挽歌の読者はもしかしたら、心配してくださっている人もいるかもしれません。
すみません。
むしろそれが気になってしまっていたのですが、しかし書けない時は書けないものです。
挽歌を書かなかった間に、アウシュビッツを体験した神経科医のフランクルの「人間とは何か」を、最新版の翻訳で読みました。

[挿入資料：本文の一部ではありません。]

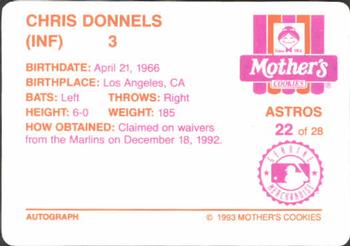 1993 Mother's Cookies Houston Astros #22 Chris Donnels Back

フランクルの思いが、とても素直に心に入ってきました。
特に、愛や死に関する記述にはまったく違和感なく、素直に心を開けました。
しかし、同時に、フランクルの言葉に共振しすぎて、沈んでしまいがちになってしまっていました。
極めて俗世間的な難題にもぶつかっていました。
気が弱くなっていたからでしょうが、人への不信感に悩まされていました。
世の中には悪い人などいないのだという、節子も聞き飽きていただろう、私の信念が少し揺らぐほどでした。
それがまた自己嫌悪を呼び起こし、ますます気を削いでいたのです。
まだそうした状況から抜け出たわけではありません。
不安感が心身を覆っている状況もさほど改善されてはいませんが、だからこそ挽歌を書き出そうと思いなおしました。
さて、1週間かけて、挽回しましょう。
節子に向かって、何かを書いていれば、きっと気が戻ってくるでしょう。
止まっていると、ますます心身が冷えていきそうです。
今日も寒い日になりましたが、私のせいでしょうか。
そうかもしれない、そんな気さえするほど、寒いです。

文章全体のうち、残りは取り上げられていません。